Limiting global warming could prevent thousands of heat-related deaths
If countries commit to the Paris Climate Agreement’s goal of limiting warming to 1.5 degrees Celsius, it could prevent thousands of annual heat-related deaths a new study has found.
Researchers from the University of Bristol studied the potential impacts of limiting warming under the Paris Accord and focused on mortality rather than temperatures or emissions.
“We are no longer counting the impact of climate change in terms of degrees of global warming, but rather in terms of number of lives lost,” said Dann Mitchell, a co-lead author of the study which was published in the journal Science Advances.
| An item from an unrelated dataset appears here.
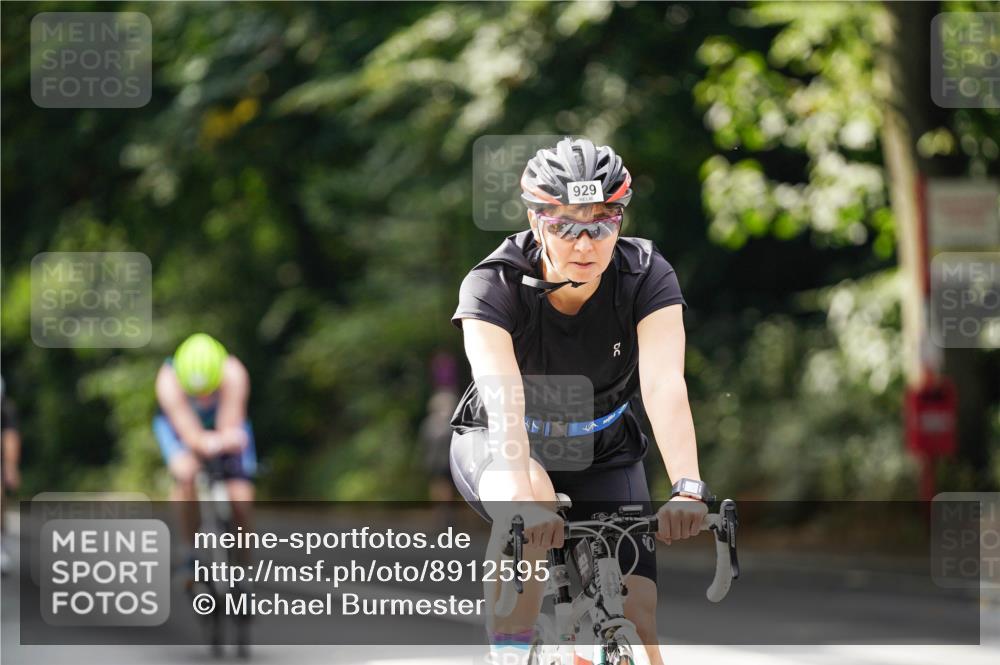 14.09.2025 - Stadtparktriathlon Michael Burmester http://msf.ph/oto/8912595 14.09.2025 11:39:56 Radfahren 822, 929, 945, 957, 964, 1056, 1060, 1067 meine-sportfotos.de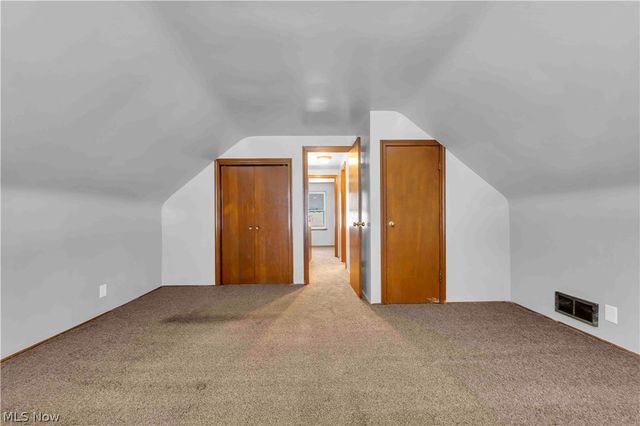26450 Drakefield Avenue, Euclid, OH 44132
As the next round of climate pledges for the Paris Climate Agreement are due in 2020, the study emphasizes the importance of limiting emissions and combating warming climate trends.
Currently, nearly every country on Earth has pledged to uphold the Paris Climate Agreement which aims to prevent global temperature rise to below two degrees Celsius above pre-industrial levels, but recent studies have shown that limiting warming to 1.5 degrees would go a long way in preventing catastrophic sea level rise and extreme weather events.
In this study, the researchers reviewed temperature and mortality data as well as climate projections for 15 cities in the US to see how different climate mitigation strategies would impact heat-related deaths.
“Our study brings together a wide range of physical and social complexities to show just how human lives could be impacted if we do not cut carbon emissions,” said Mitchell. “Considering the US citizens that will be adversely affected by increasing global temperatures, we strongly encourage them to hold their politicians to account.”
If warming is limited to 2 degrees Celsius, it could prevent 70 to 1,980 deaths per year, per city. But if warming is limited to 1.5 degrees Celsius, it could prevent 110 to 2,720 deaths, depending on the city.
“If global temperature rise is reduced to 1.5°C from where we are headed, the cities’ exposure to extreme heat would decrease and up to thousands of annual heat-related deaths could be avoided per city,” said Dr. Eunice Lo, the lead author of the study. “Strengthened climate actions are needed as they would substantially benefit public health in the United States.”